Palestinians affiliated with terrorist groups will still be eligible to participate in programs and activities funded by the European Union, EU representative for the West Bank and Gaza Sven Kuhn von Burgsdorff stated in a letter last week.
“While the entities and groups included in the EU restrictive lists cannot benefit from EU-funded activities, it is understood that a natural person affiliated to, sympathizing with, or supporting any of the groups mentioned in the EU restrictive lists is not excluded from benefiting from EU-funded activities, unless his/her exact name and surname… corresponds to any of the natural persons on the EU restrictive lists,” the letter, dated March 30, states.
The "restrictive list" refers to an EU terrorism database that blacklists "persons, groups, and entities involved in terrorist acts" which is "reviewed regularly, and at least every 6 months."
The document says that all EU laws, such as the ban on funding terrorist groups must be respected but notes that "the EU is not asking any civil society organization to change its political position towards a Palestinian faction or to discriminate against any natural person on the basis of his political affiliation."
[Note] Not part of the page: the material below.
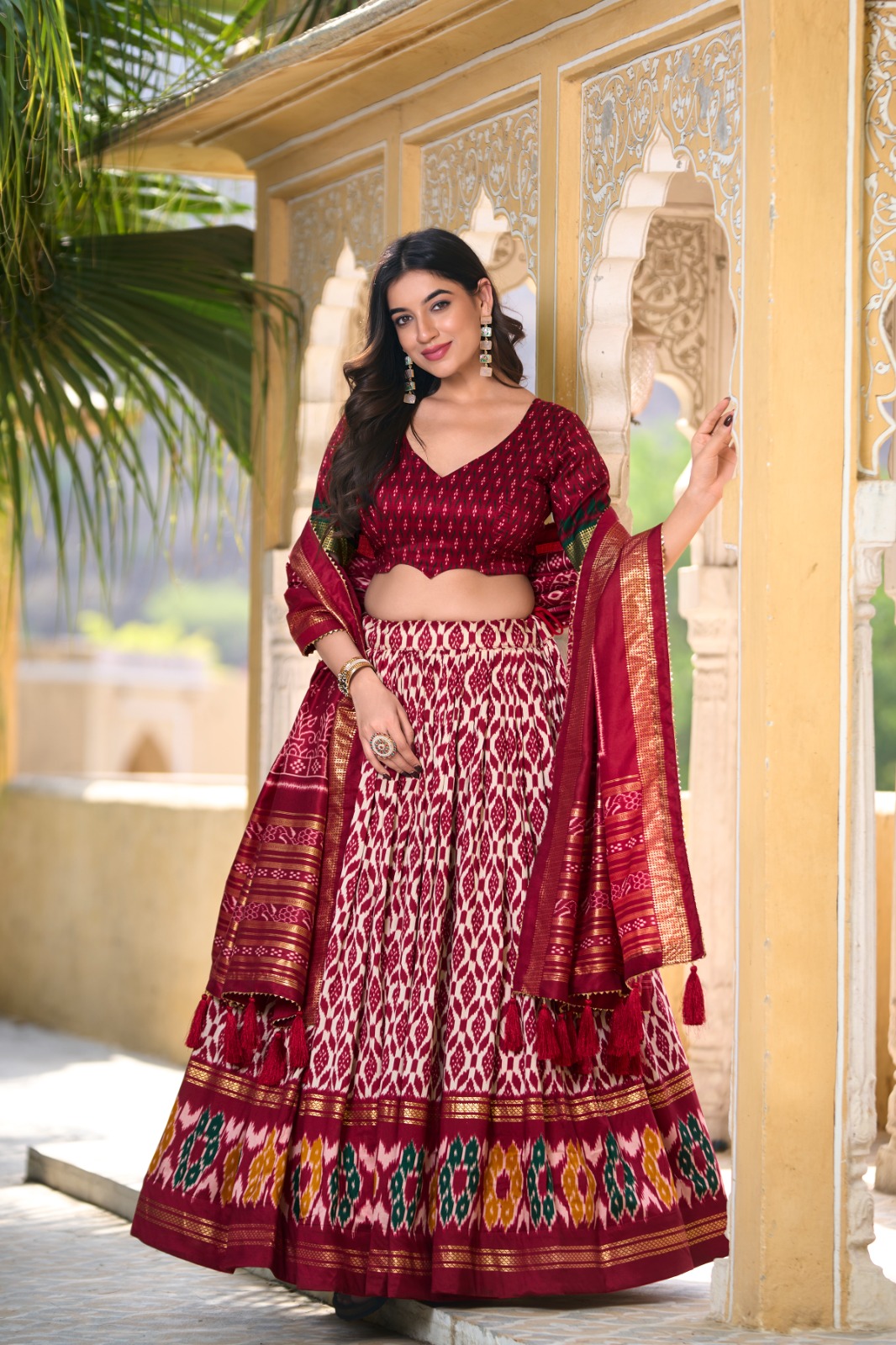 Celebrate in style with the opulent beauty of Tussar silk. Our lehenga choli is perfect for making unforgettable memories in classic elegance 🥰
Von Burgsdorff's message came after months of protests by Palestinian NGOs demanding that the EU remove a stipulation that aid should only be sent to organizations unrelated to the terrorist groups designated by the EU.
In response, Israel's Foreign Ministry said it was furious with the European Union's decision and summoned its representative for clarification on von Burgsdorff's letter.
“We view this letter with great severity. This is in violation of all our agreements with the European Union, and we intend to send a strong message to its representatives about this,” a Foreign Ministry spokesperson was quoted as saying.